Belén usó la escritura para dejar de callar. Alice Munro hizo de la escritura su escondite, porque un tipo de literatura más confesional la hubiera obligado asumir su complicidad con el abusador y, por tanto, su culpabilidad. Resulta que la poderosa observadora de la intimidad de las propias mujeres que la leían, alguien capaz de contar los deseos, las insurgencias secretas, los resortes oscuros de esas subjetividades, no había sido buena con otra mujer, con otra mujer que era su hija. Así que muchas lectoras sintieron que Munro las decepcionó como solo nos puede decepcionar alguien muy querido, una amiga o un amor. Como si hubiera perpetrado justamente lo que sus preciosos y celebrados libros combatían. Alguien capaz de convocar la solidaridad entre mujeres con sus letras, ¿cómo podía en la vida real practicar la luz de gas, el abandono y el desamparo de los más vulnerables?

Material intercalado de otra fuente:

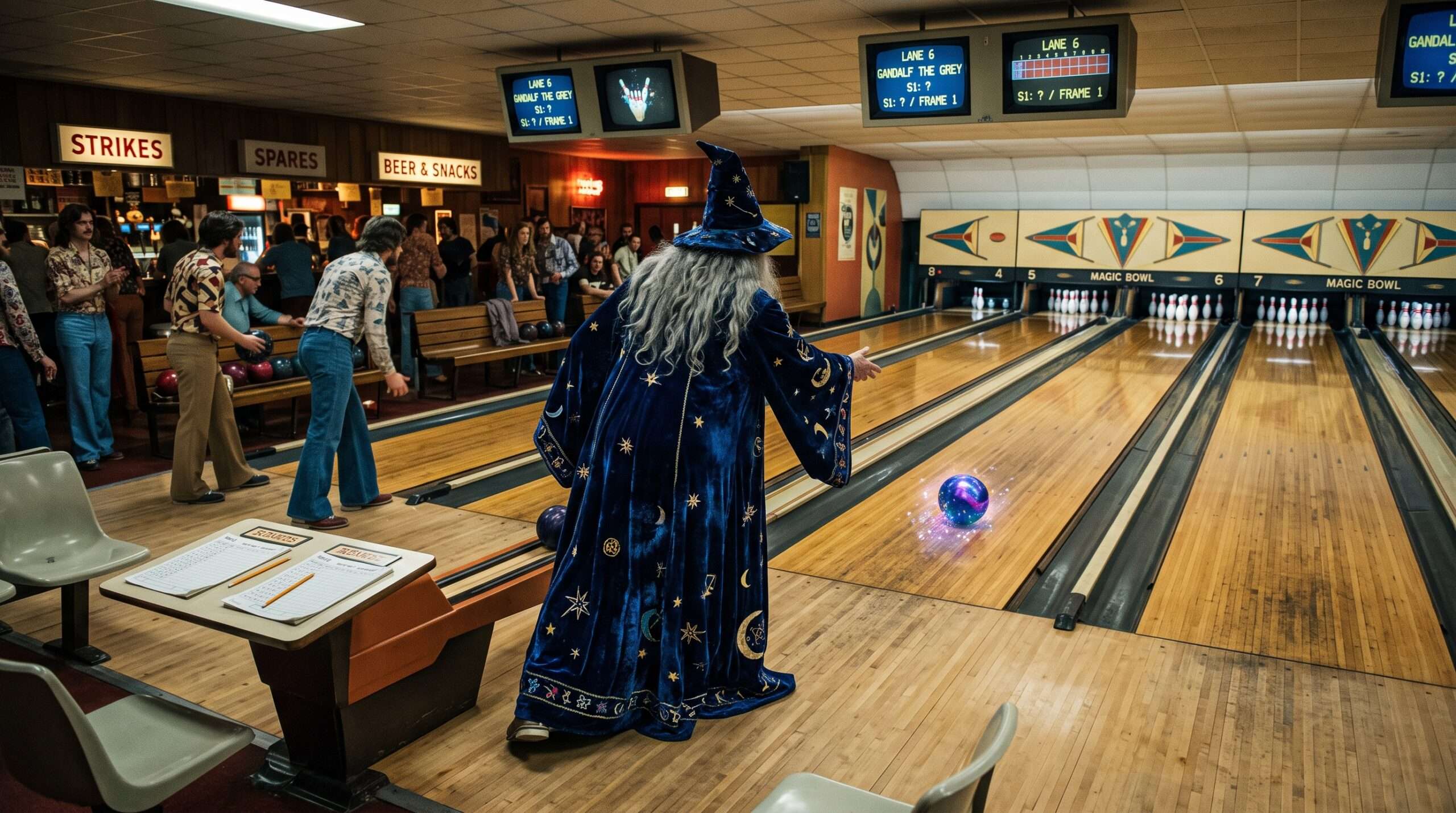 A wizard seen from behind throwing a bowling ball in a Muggle bowling alley.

A estas alturas ya no debería sorprender que una feminista sea una pésima persona. O que alguien con el poder de producir belleza pueda a la par sembrar destrucción. Los libros se escriben desde la experiencia material, imaginativa, moral y simbólica del mundo, brotan de individuos tan rotos e imperfectos como los que no escriben. El gran problema de que se caigan los mitos son los mitos, es haberlos erigido sobre lo que es casi siempre vulgar. El trabajo de un escritor es hacerte creer a través del lenguaje y de la creación de mundos posibles que ha visto lo que tú no ves, en eso es bueno, en eso es el mejor, pero en realidad verlo tampoco le ha servido para salir del fango.

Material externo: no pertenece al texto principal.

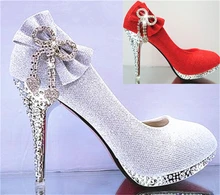 Wedding Bridal Women Autumn Prom Bowtie Heart Crystal Gold Silver Pink Red 3 inch Thin High Heels Stiletto Pumps China Shoes F38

Cuando nos preguntan si podemos disociar la obra del artista, en realidad nos están preguntando si seríamos capaces de mantener el vínculo con alguien horrible y genial que se equivocó de esa manera o si vamos a romperlo. Con algunos artistas tenemos una relación tan afectuosa e incluso apasionada como la que tenemos con gente real que conocemos que, me temo, es algo personal, dependerá del tipo de vínculo, de la dimensión del golpe, del alcance del dolor, del tiempo, de la cura, si cabe.

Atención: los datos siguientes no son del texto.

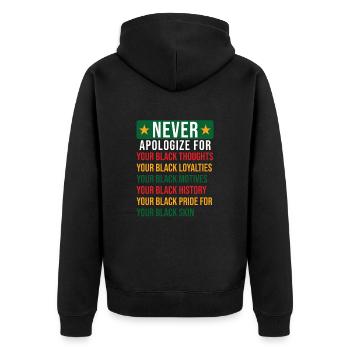 Histoire des Noirs - Veste à capuche bio Premium Unisexe - noir - Dos - Nico (187cm)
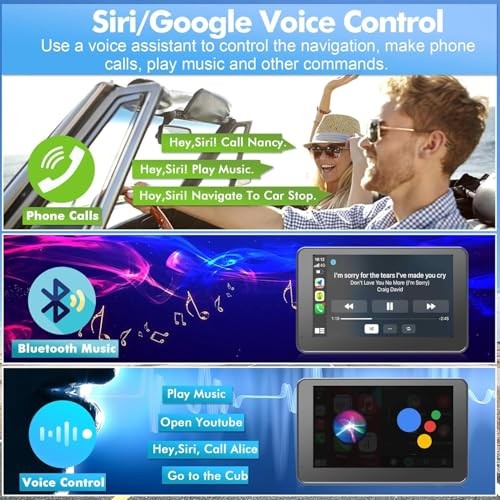 Car Play,Wireless Portable with Apple CarPlay and Android Auto Screen for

Ahora las lectoras de Munro dicen que no pueden leer sus libros como antes. No creo ser una lectora asidua de Munro, pero quizá a partir de ahora lo sea: una lectora consciente, implacable, despiadada. Me intrigan esas otras claves quizá demoledoras, de lectura; descubrir, por ejemplo, que algunos de sus cuentos están embarrados de su vergüenza, de su falta de amor, de tantas cosas que también nos representan. Me interesa detectar todo el arte que usó para que parezca solo literatura. Pero esa soy yo. Quizá en ese camino de madurar como lectores, renunciando al fetiche del genio o al santo del arte, mirando a los ojos de esos monolitos literarios, habremos cambiado una forma de entendimiento por otra. Quien sabe hasta por una más reflexiva, más humana, menos ominosa.